I worked for RA way back when at The Towers Suite  and John Peel Room and Mama Leones. and La Fonda Del Sol. They were ahead of ther time. President was Irv Wexler and VP was his son in law Mr. Brody.  Ex corp chef at that time was Al Stockley Best Chef they had was Phil Panzarinno who went on to teach at city college. Great company in their day.


----------



## boar_d_laze (Feb 13, 2008)

Other than, "eat less, drink water, be happier," where's the philosophy?  Call me a snob, but somehow I just don't see Kreuz and Kant in the same imperative category. 

BDL


----------



## mustaroad (May 15, 2010)

The philosophical truths behind food, the cooking of, and of cooking_ for_ was deeply engrained in my decision to be a cook. However the theological / philosophical / & general research knowlege from when I was in my late teens and early twenties is now behind a dense fog of practical experience and social engaguements. I plan to keep rolling until it peaks through again.

I love the fact that there_ is_ established philosophys of food but may not be able to revisit the subject except in my dreams, retirement, or untimely demise. Oh, there will also be those smokey rooms late in the night in San Fran to recall who we are and why.

Bon Appetit My Friends!


----------



## dcarch (Jun 28, 2010)

"-----

Come on! Satisfaction from food comes entirely from the taste of food.
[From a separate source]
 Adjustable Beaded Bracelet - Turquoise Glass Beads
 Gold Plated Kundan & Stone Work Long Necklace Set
Nothing else.---"

That is scientifically wrong.

Satisfaction comes from satiating hunger.

When you are hungry, everything tastes good.

dcarch


----------



## chefedb (Apr 3, 2010)

I worked for Rest associates back in the 60s. They were way ahead of their time with their concepts. The Forum, La Fonda del sol,Towers Suite Leones, etc. They sold you atmosphere and ambiance as well as good cuisine. Experimental chef was Al Stockley, Pres was I. Wechsler. Chief officer  j. Brody (his son in law). 

    The worlds fair food was a disaster overpriced and junk. Guys came over just to try and establish citizenship.Some stayed most went home. $ seasons was good operated later on  by Paul Kovi and Tom M. when it even got better.
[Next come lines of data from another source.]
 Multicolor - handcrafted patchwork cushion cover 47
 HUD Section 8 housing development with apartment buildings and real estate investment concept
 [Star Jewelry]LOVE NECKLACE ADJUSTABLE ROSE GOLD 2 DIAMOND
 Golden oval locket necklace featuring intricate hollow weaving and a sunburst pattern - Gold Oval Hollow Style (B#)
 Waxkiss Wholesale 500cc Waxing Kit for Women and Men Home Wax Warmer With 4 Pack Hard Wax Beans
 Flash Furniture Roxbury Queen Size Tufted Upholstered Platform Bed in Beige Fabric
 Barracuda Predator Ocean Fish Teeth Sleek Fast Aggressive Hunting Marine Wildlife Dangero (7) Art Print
But best of all Was A.Soltners Lutece No one could top it for over 10 years.Delmonico's sign still remainson building to this day downtown in Manhattan. All of this before celebrity chefs existed.


----------



## boar_d_laze (Feb 13, 2008)

This thread is confusing me. I don't see much I recognize as philosophy except implied reactions to epicureanism and/or stoicism in several of the posts; but the philosophical thoughts are never made explicit. I certainly have no idea of what Ed or foodchef are getting at, and Mustaroad is just a tease.

Philosopheroffood is the exception in that she is specific about her references; and if that's not philosophy at least it's something. Her blog/website is darn good and worth reading.
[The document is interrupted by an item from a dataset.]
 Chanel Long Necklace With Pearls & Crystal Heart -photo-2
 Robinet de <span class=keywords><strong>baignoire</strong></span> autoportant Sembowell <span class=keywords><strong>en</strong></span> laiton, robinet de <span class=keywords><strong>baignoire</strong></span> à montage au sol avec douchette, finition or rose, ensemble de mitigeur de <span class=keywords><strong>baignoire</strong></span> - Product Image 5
Just as an offhand and obvious remark, the best veins of philosophy to mine for thoughts about food are aesthetics and ethics.

Food is more than merely about sustenance and/or self gratification; or at least it should be.

My first inclination is to approach the subject from a phenomenological perspective more than anything else. Please, no _Being On Time_ references. Seriously. Throw in some Rogers/Maslow if you like as well.

Food preparation (comes before consumption) is about a lot of things, not just about self, it is -- or at least can be -- is also about love of others. Similarly, it can and should be an existential act. Learning and preparing food well is equally an exercise in creating a phenomenological artifact and an act of self-actualization and authenticity.

Consuming food can also be an act of sharing, and therefore of love -- with all of love's ramifications. If I take you to your favorite restaurant for your birthday, is that sustenance or self gratification? For most human beings, mother's milk was among our very first experiences with love and food remains powerfully evocative. Fail to understand and make use of that and your life is poorer.

For more on the interrelationship between food and love, read philosopheroffood's adventures with Noah.

BDL


----------



## mustaroad (May 15, 2010)

To Feed = The providance of nourishment to the famished..

The better the restoratives --> The better the party.


----------